Given the growing concern about the national response to Ebola, President Barack Obama canceled a fund-raising trip to meet with his top advisers on the epidemic. The notion of a time-out to take stock is a good one since public fear over Ebola is causing turmoil for travelers, the stock market, nursing unions, college admissions officers and West Africans who have been living in the United States for decades.
So what would an ethics autopsy reveal about what has been done and what still needs to be done? Here are my top 10.
1. The best way to respond to Ebola is still to stamp out the epidemic in West Africa.
There the health systems have collapsed or are collapsing. Without more beds and education and equipment, there are going to be many more deaths there and more cases leaking out to the rest of the world. So, an even bigger, internationally coordinated effort is needed to get the epidemic under control. The way to do right by Americans is to do what is right for West Africa.
2. Ebola needs to be treated in the U.S. with an expert, regional response.
The notion that every hospital can deal with Ebola has been shown wrong by the events in Dallas. Every hospital cannot deal with Ebola. But many can. They have the training, the equipment, the experience with other infectious diseases and the skilled personnel to engage Ebola safely. Pride about what any hospital can do must yield to the reality that having a moonsuit does not mean everyone is trained properly in how to put it on and take it off.
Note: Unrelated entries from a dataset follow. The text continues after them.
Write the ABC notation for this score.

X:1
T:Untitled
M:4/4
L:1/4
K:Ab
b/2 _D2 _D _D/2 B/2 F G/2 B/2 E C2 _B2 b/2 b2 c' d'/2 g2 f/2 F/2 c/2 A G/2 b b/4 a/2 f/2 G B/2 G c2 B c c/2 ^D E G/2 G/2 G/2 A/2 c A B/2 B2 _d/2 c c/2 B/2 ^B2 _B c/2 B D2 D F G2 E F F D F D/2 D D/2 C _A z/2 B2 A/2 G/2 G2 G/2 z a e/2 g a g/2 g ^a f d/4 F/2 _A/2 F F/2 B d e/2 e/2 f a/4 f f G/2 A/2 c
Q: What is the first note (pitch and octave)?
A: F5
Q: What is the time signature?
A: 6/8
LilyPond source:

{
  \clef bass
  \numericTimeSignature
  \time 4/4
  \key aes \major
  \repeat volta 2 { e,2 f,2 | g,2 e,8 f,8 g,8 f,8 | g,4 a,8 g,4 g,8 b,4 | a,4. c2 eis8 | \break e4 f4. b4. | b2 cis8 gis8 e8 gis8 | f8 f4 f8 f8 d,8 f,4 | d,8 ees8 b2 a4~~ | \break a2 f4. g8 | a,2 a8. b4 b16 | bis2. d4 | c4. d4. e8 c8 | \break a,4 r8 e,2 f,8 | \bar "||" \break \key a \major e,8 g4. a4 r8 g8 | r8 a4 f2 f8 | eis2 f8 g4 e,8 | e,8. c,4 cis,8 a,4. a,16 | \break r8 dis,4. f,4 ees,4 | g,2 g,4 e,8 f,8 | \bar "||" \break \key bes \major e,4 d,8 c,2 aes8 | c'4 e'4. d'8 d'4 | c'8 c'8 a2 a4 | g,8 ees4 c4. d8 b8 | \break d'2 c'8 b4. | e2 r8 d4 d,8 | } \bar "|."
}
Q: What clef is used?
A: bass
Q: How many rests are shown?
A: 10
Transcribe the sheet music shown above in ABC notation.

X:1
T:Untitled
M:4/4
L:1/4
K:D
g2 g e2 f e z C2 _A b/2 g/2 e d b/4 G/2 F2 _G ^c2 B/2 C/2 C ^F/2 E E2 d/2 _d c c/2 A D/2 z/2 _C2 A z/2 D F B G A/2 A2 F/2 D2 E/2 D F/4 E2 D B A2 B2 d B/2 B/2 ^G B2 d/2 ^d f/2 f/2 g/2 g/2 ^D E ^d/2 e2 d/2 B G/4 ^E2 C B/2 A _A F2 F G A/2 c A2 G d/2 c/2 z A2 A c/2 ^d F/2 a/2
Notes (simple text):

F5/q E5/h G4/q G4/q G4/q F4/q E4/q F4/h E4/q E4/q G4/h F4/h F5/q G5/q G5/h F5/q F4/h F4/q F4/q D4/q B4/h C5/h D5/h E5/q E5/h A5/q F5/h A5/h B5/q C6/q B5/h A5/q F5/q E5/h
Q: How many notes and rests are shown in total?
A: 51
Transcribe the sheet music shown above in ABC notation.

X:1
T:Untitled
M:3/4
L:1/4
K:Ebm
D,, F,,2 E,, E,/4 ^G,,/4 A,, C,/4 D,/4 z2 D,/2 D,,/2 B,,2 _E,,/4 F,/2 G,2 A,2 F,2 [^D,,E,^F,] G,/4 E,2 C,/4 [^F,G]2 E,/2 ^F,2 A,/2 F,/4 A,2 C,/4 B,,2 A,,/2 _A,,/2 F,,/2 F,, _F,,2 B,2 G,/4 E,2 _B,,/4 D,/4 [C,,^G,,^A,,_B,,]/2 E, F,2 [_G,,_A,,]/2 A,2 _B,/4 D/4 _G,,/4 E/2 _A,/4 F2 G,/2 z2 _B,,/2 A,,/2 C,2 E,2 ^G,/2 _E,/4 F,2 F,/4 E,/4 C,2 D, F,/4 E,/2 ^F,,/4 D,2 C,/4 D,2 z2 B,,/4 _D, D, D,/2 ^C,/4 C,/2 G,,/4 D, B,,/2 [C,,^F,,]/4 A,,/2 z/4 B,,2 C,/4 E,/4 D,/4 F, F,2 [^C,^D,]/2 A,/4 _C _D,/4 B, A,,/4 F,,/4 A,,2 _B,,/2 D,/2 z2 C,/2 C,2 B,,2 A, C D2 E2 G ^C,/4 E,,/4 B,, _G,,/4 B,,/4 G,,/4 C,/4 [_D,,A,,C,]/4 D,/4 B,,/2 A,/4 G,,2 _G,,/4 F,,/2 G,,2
So let’s designate the national 100 hospitals that can take Ebola patients, figure out how to get them there safely and stop creating more anger among health care workers who we are asking to take unnecessary risks in dealing with infectious patients.
3. Let's figure out what quarantine means.
Does it mean you try to stay home or you must? Does it means if you come out the door the cops Taser you and you lie there until a HAZMAT team comes to drag you back inside? Does it mean your pets stay there too, or must they be euthanized at a shelter if there is no way to keep them from putting others at risk when they go outside?
4. Americans should go first.
We are sending troops there and more health care workers. If they get sick, they come home. This is not discrimination, it is moral common sense — we take care of our own citizens first. Others may get to come here for care, but those who go to fight the epidemic from here have a claim on health care resources if they get sick trying.
5. We will use experimental drugs, vaccines and treatments in a compassionate manner.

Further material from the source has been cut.